Feedback on Naiad documentation
craig at netjam.org
Tue Dec 30 01:36:47 UTC 2008
> > By separating class name from identity, Naiad makes Smalltalk more
> > approachable for newcomers, and more productive for developer and
> > user communities.
> Expand on this.
Well, that's what I attempt to do in the rest of the document. :)
The first four paragraphs are an abstract, not a conclusion. I don't
expect anyone to simply believe what I've said by that point; I'm
summarizing what I intend to describe.
But, expanding... By separating class name from identity, we
remove a critical source of ambiguity, and we can transfer methods more
accurately, with less manual labor. We can do this transfer both between
an author's system and other people's systems, and from an author's
system to itself at another point in time. This makes every person's
work more amenable to study by anyone else in the community. It also
makes it easier for each person in the community to express their ideas
clearly through their work. I think this combination of transparency and
expressiveness would make Smalltalk more approachable for newcomers, and
more productive for developer and user communities.
> What has identity?
In this paper I'm referring to the identity of classes.
> On what does the identity depend.
I'm taking advantage of the fact that every class, simply by being
a Smalltalk object, has its own identity by definition.
> How does the Class name get detached from identity.
I detach the name of a class from the identity of that class by
offering an alternative to source code as the medium of code transfer.
> What does the class name represent?
The name of a class represents a class, but exactly which one is
ambiguous in source code. One needs additional context to identify the
class to which a name refers at some point in time. The mechanisms
described in the rest of the paper provide that context, and go so far
as to make source code optional when transferring code.
> > An Edit represents the activation of some edition at a point in
> > time.
> Describe activation.
When an edition is activated, the compiled method to which it
corresponds becomes active in the object memory whose history we are
> > The history memory replaces the current changes and sources
> > files
> I need diagrams.
Okay, I'll make diagrams. (I'm not against them, but my time is
limited and I think the text is a higher priority. Or, put another way,
I think diagrams without text would be harder to understand than text
with no diagrams, and getting one out before both are done is better
than waiting for both.)
> What does subject memory id represent? When in time do subject memory
> id's change?
A subject memory's system ID identifies the subject memory. A
subject memory's ID is set when the memory is considered distinct from
other memories.
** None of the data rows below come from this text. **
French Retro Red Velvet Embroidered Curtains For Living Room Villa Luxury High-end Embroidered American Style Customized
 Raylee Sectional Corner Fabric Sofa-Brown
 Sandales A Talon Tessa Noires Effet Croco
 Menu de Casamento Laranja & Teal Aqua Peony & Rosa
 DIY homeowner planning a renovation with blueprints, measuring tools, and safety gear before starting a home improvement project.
I set the system ID of the minimal memory before
releasing it, and I imagine that memory will change its ID when next
saved by someone receiving it. Traditionally, the identity of an object
memory remains the same after a snapshot via "save", and it changes
after a snapshot via "save as...". I expect the system ID to reflect
that; generally, the system ID for a memory doesn't change.
> I.e. The subject memory with two subject ids, how do they differ?
There's no such thing as a subject memory with two system IDs
(please let me know if I slipped up and wrote otherwise somewhere).
> > The subject memory keeps a remote reference to the history
> > memory's instance of EditHistory as a class variable of the local
> > EditHistory class, and interacts with it using utility messages sent
> > to the local EditHistory class. The history memory also keeps that
> > EditHistory instance as a class variable of its local EditHistory
> > class, but as a local reference.
> Explain Remote messaging as it applies here.
I'm using the term in the usual sense: an object in one memory is
sending messages to an object in another memory, by interacting with a
special proxy object that represents the remote object. Since everything
in Smalltalk happens by sending messages to objects, the proxy object is
indistinguishable from the remote object under normal circumstances.
> Who or what receives the messages?
An instance of EditHistory in the history memory receives the
> Why are [the messages] Remote?
By design, all the historical information for the subject memory
is kept in a separate history memory. This is both to enable crash
recovery, and to ease separation of a deployed system from its
historical information when the time comes.
> What is a History memory snapshot?
The history memory is a bunch of objects describing all the
editions of a subject memory's classes, methods, authors, modules,
checkpoints, comments, and tags.
> Where is the History memory located?
The history memory is usually located alongside the subject
memory, but it can be on any net-accessible machine.
> Where is the snapshot located?
The subject memory is located wherever the developer wants to put
it, as now.
> > An edition typically elides some of its references when it is
> > transferred out of a history memory. For example, a transferred
> > edition will usually omit the references to its next and previous
> > editions.
> > The requesting subject memory can calculate the ID of those
> > editions and obtain them with a separate request, if necessary.
In general, a next or previous edition's ID differs only in
version number, and version numbers form a simple linear sequence over time.
> Also if it can do that then you haven't really elided the
> references only made them implicit?
I'm referring to how the system leaves the reconstructed edition's
nextEdition and previousEdition fields set to nil, rather than going to
the trouble of serializing further editions. This is because they're
often not relevant to the original edition request. Following the
nextEdition and previousEdition references exhaustively during
serialization would take a significant amount of time and net traffic,
for no good reason in most cases.
> > A subject memory may elect to keep its EditHistory instance as a
> > local object, such as in a situation where one wants some limited
> > immutable history for debugging purposes, and no crash recovery
> > support. Whether in this scenario or in normal development the same
> > EditHistory utility messages suffice, since no special code need be
> > written to support remote objects.
> How do histories know about each other?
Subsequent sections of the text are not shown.